== REQUIREMENT ==
Beginning with the line that contains "Hello. In this", retype the entries below exactly, ending with the line that contains "In this manner". Leave out any pictures.

== MATERIAL PROVIDED ==
- Opening Delimiter -

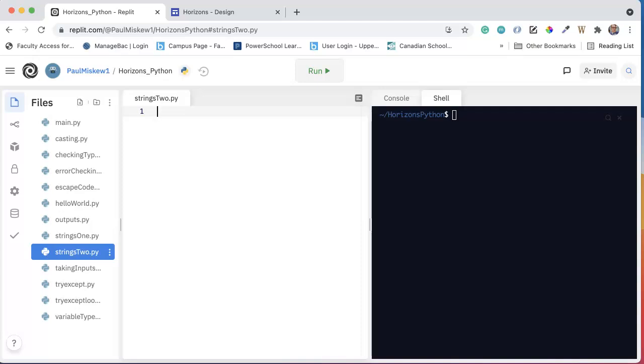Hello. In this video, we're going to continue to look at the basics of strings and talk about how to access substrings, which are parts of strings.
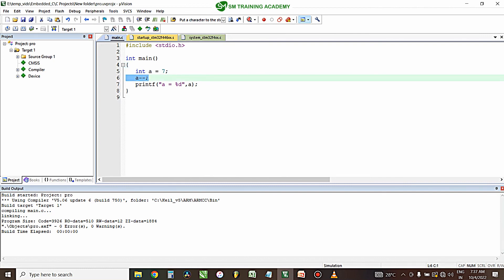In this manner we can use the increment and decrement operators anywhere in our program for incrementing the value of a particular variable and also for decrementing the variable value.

- Closing Delimiter -
- Opening Delimiter -

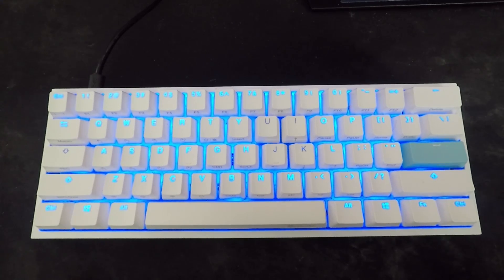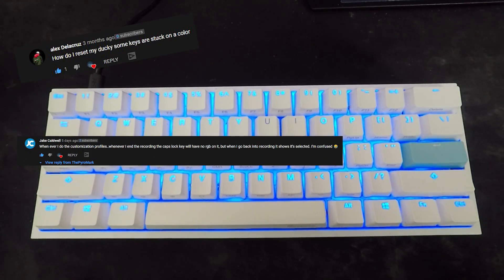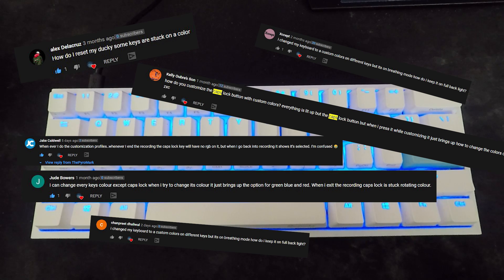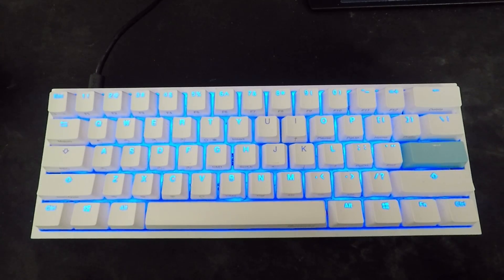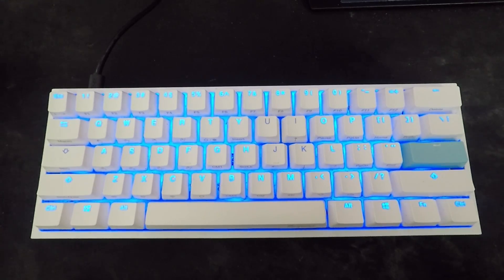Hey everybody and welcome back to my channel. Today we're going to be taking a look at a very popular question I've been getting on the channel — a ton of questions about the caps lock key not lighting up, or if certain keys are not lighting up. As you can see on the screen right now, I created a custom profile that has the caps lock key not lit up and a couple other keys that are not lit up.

- Closing Delimiter -

== ANSWER AREA ==
Hello. In this video, we're going to continue to look at the basics of strings and talk about how to access substrings, which are parts of strings.
In this manner we can use the increment and decrement operators anywhere in our program for incrementing the value of a particular variable and also for decrementing the variable value.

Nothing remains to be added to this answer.